▸ YOUR INSTRUCTIONS
Would you repeat exactly the part of the listing below that runs from the line containing "Toshiba Satellite L645" down to the line containing "Crawling Astronauts –", inclusive, and nothing else?
*** Opening GIVEN INFORMATION ***
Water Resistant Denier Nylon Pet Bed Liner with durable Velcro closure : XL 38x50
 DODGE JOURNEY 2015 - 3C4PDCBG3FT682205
*** Closing GIVEN INFORMATION ***
*** Opening GIVEN INFORMATION ***
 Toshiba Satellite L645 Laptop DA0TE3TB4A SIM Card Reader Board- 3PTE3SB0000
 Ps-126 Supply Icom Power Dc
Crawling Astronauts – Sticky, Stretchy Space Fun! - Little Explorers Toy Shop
*** Closing GIVEN INFORMATION ***
▸ ANSWER SPACE
 Toshiba Satellite L645 Laptop DA0TE3TB4A SIM Card Reader Board- 3PTE3SB0000
 Ps-126 Supply Icom Power Dc
Crawling Astronauts – Sticky, Stretchy Space Fun! - Little Explorers Toy Shop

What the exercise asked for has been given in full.